REFLEKSI SEPEREMPAT ABAD REFORMASI 1998 PERSPEKTIF KETAHANAN NASIONAL

Admin Jul, 11 2023 0 Comment

Oleh ; Dr.KP.Suharyono S.Hadiningrat           

(Professional Expert of Lemhannas R.I)

     PANCASILA hilang dari wacana publik dan terjadi degradasi dalam pengamalannya adalah proxy yang tepat untuk mendiskripsikan sebagai dari perjalanan pasca reformasi 1998 gatra ideologi. Terjadi degradasi pengamalan nilai-nilai Pancasila akibat dari tidak diajakrkan lagi pendidikan Pancasila di lembaga pendidikan formal. Kondisi demikian menjadikan ketahanan nasional gatra ideologi sangat rawan, karena nilai-nilai Pancasila lambat laun tereduksi dan memberikan peluang munculnya ideologi-ideologi lain baik ekstrim kanan maupun kiri. Reformasi saat itu terjadi euforia menolak apa pun yang telah dilakukan oleh pemerintah Orde Baru, salah satu diantaranya SU MPR RI yang mencabut ketetapan tentang Pedoman Pengahayatan dan Pengamalan Pancasila dan penegasan kembali Pancasila sebagai Dasar Negara melalui Ketetapan MPR No.XVIII/MPR/1998 Tahun 1998. Setelah 14 tahun pasca reformasi barulah disadari pentingnya internaliasasi nilai-nilai Pancasila bagi seluruh WNI, salah satu diantaranya ditetapkannya UU No.12 Tahun  2012 tentang Pendidikan Tinggi, yakni Pasal 35 Ayat 5 menyatakan bahwa kurikulum pendidikan tinggi wajib memuat mata kuliah pendidikan agama, pendidikan Pancasila, pendidikan kewarganegaraan, dan bahasa Indonesia. Kevakuman selama 14 tahun berdampak sangat buruk terhadap pengamalan nilai-nilai Pancasila, terlebih bagi generasi mileneal yang tidak mengenal pendidikan Pancasila. Mereka sangat rentan oleh pengaruh ideologi asing yang sangat masif yang disebarluaskan melalui media digital.
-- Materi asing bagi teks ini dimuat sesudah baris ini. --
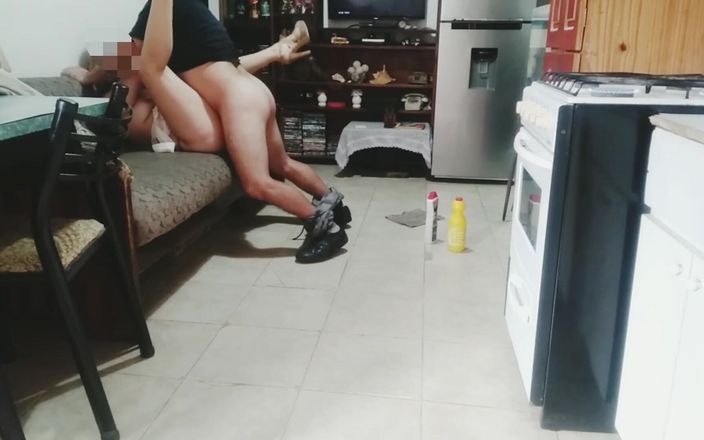 Activecouplearg: 性感女仆乱搞老板，最后被精液覆盖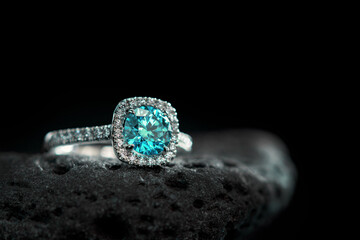 Canvas Print - Engagement Ring With Paraiba Tourmaline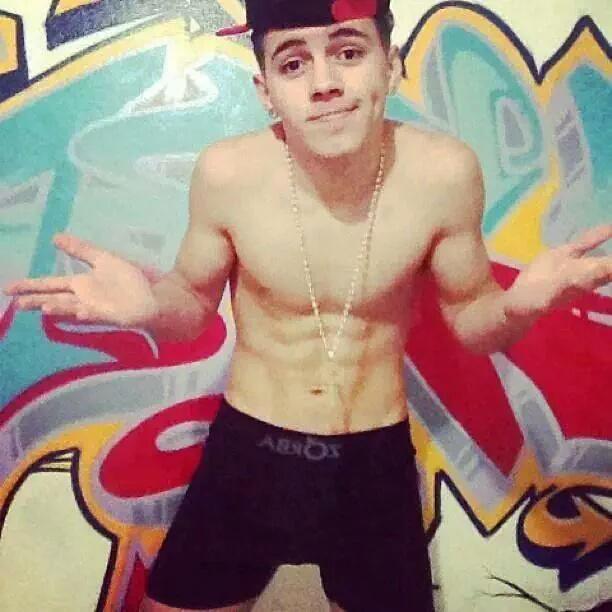 justlovegabriel's tweet photo. @Biel eu desafio vc postar uma foto assim versão dois mil e quinze #MPN #Biel http://t.co/BK2Yb2sTQC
     Menurut Yudi Latif, harus dilakukan reaktulasi Pancasila bagi seluruh warga negara Indonesia untuk menumbuhkan kepercayaan diri dan daya juang agar Pancasila mempunyai konsistensi dengan produk-produk perundangan, koherensi antarsila, dan korespondensi dengan realitas sosial. Dalam kaitan ini, Pancasila yang semula hanya melayani kepentingan vertikal (negara) menjadi Pancasila yang melayani kepentingan horizontal, serta menjadikan Pancasila sebagai kritik kebijakan negara. Dari perspektif ketahanan nasional untuk gatra ideologi masih tergolong rawan akibat dari kevakuman internalisasi nilai-nilai Pancasila selama 14 tahun sehingga perlu penguatan kembali secara holistik dan itegral. Kondisi ini dimanfaatkan oleh para ektrimis kiri maupun kanan untuk mencoba bangkit kembali.

 

     Tuntutan Reformasi 1998

     Aksi demo mahasiswa dan rakyat pada Mei 1998 yang menuntut Presiden Soeharto mundur akibat krismon, akhirnya terwujud pada tanggal 21 Mei 1998, dimana Presiden Soeharto menyatakan mudur dan digantikan oleh B.J.Habibie. Padahal saat itu Presiden Soeharto posisinya sangat kuat dan mendapatkan kewenangan khusus sesuai Ketetapan MPR No. IV Tahun 1993 tentang Pemberian Tugas dan Wewenang Khusus kepada Presiden/Mandataris MPR dalam rangka Menyukseskan Pembangunan Nasional sebagai Pengamalan Pancasila. Namun hal ini tidak dipergunakannya demi kepentingan bangsa dan negara yang lebih besar.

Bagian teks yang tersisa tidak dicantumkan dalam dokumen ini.